The California Department of Resources Recycling and Recovery awarded $8.2 million in grants to 30 communities that are using recycled tires for road upgrades and civil engineering projects.

According to the department, projects supported by CalRecycle’s Rubberized Pavement and Tire-Derived Aggregate grant programs help California use some of the 48 million scrap tires managed in the state each year.

“These public works projects help keep California scrap tires out of our landfills and promote local markets for recycled tire products,” CalRecycle Director Scott Smithline says. “CalRecycle’s grant programs turn our old tires into a resource to make our communities safer and reduce local costs for infrastructure projects.”

Napa County was awarded $510,082 to use about 4,000 tons of tire-derived aggregate in place of conventional construction material for civil engineering projects.
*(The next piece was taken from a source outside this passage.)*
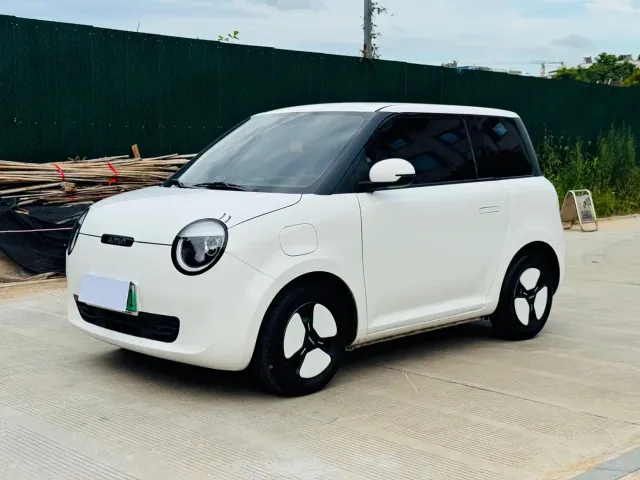 Фотография автомобиля — Changan Lumin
The properties of scrap tires allow for “free-draining, lightweight and typically less expensive solutions” for these types of projects.

Thirty communities were awarded gants for road repair and resurfacing projects that use recycled tires.

Rubberized asphalt concrete, which is made by blending ground tire rubber with asphalt binder, is “ideal for high-traffic areas," uses approximately 2,000 recycled tires per lane mile, lasts up to 50 percent longer and can reduce road noise, the department says.

Grants are funded through a portion of the $1.75 fee consumers pay on each new tire purchased in California.